Exact repetition of a range: find the line containing "LG 1923 Red" and the line containing "Wera Tools 826" in the material below, then repeat both and all lines between them, leaving pictures out.

◆ **GIVEN DATA**
:::
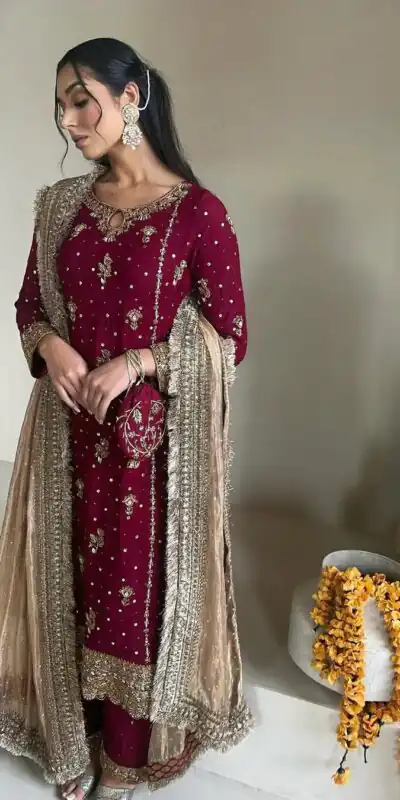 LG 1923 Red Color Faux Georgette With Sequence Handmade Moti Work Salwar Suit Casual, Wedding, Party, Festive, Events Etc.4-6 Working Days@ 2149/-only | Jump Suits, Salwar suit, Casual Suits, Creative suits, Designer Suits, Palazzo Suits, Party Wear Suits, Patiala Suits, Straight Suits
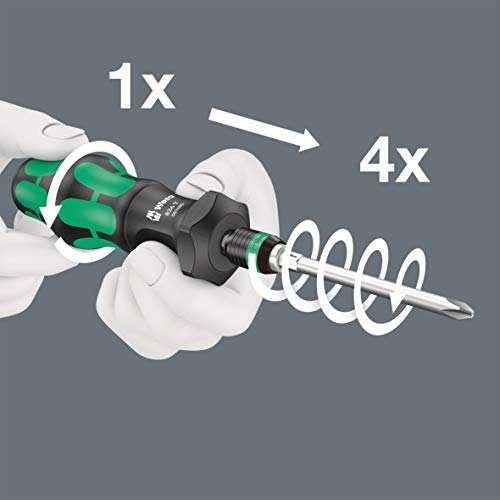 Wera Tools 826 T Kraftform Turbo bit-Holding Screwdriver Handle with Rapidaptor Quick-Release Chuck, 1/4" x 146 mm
:::
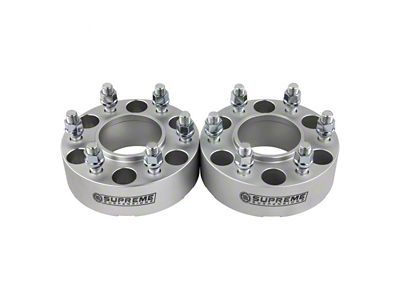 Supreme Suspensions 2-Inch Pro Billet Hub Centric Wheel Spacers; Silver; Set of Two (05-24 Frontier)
:::
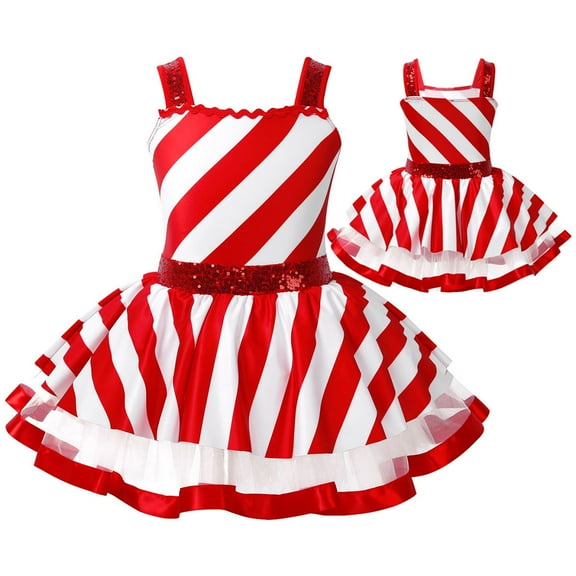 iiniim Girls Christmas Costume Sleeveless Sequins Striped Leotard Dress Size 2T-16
:::
◆ **RESULT OF THE TASK**
 LG 1923 Red Color Faux Georgette With Sequence Handmade Moti Work Salwar Suit Casual, Wedding, Party, Festive, Events Etc.4-6 Working Days@ 2149/-only | Jump Suits, Salwar suit, Casual Suits, Creative suits, Designer Suits, Palazzo Suits, Party Wear Suits, Patiala Suits, Straight Suits
 Wera Tools 826 T Kraftform Turbo bit-Holding Screwdriver Handle with Rapidaptor Quick-Release Chuck, 1/4" x 146 mm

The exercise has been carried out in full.